Description of the task: I need the lines below from the one with "河原城天守からの景観 河原城天守からの景観 142127062" down to the one with "Dermarest, Eczema, Loción" reproduced exactly, both ends included, and nothing else.

(Short web captions)
● ● ● ● ●

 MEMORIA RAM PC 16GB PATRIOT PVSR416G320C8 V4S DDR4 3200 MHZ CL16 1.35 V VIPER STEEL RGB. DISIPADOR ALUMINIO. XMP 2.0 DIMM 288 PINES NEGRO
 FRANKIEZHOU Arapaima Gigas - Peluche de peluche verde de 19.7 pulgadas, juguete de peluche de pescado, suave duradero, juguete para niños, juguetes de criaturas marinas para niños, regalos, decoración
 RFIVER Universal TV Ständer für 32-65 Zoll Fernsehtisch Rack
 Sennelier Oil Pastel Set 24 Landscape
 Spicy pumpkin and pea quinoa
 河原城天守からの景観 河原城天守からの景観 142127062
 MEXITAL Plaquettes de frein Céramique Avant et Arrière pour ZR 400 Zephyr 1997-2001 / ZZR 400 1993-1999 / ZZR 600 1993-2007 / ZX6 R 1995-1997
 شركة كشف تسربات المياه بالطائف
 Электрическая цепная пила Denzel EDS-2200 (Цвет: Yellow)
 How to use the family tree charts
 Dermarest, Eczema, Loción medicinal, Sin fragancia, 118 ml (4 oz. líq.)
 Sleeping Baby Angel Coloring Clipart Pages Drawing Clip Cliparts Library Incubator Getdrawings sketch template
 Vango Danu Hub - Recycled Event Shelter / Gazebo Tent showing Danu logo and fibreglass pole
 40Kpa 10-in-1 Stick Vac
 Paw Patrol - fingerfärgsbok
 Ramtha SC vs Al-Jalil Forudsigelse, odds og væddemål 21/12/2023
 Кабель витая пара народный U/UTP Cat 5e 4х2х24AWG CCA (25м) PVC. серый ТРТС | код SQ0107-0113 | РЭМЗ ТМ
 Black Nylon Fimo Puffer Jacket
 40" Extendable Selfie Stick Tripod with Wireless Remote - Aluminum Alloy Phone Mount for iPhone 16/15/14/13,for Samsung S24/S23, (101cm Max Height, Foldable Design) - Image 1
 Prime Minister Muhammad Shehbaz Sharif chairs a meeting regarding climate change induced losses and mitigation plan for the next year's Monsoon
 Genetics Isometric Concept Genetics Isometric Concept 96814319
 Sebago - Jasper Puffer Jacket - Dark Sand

● ● ● ● ●

Task response:
 河原城天守からの景観 河原城天守からの景観 142127062
 MEXITAL Plaquettes de frein Céramique Avant et Arrière pour ZR 400 Zephyr 1997-2001 / ZZR 400 1993-1999 / ZZR 600 1993-2007 / ZX6 R 1995-1997
 شركة كشف تسربات المياه بالطائف
 Электрическая цепная пила Denzel EDS-2200 (Цвет: Yellow)
 How to use the family tree charts
 Dermarest, Eczema, Loción medicinal, Sin fragancia, 118 ml (4 oz. líq.)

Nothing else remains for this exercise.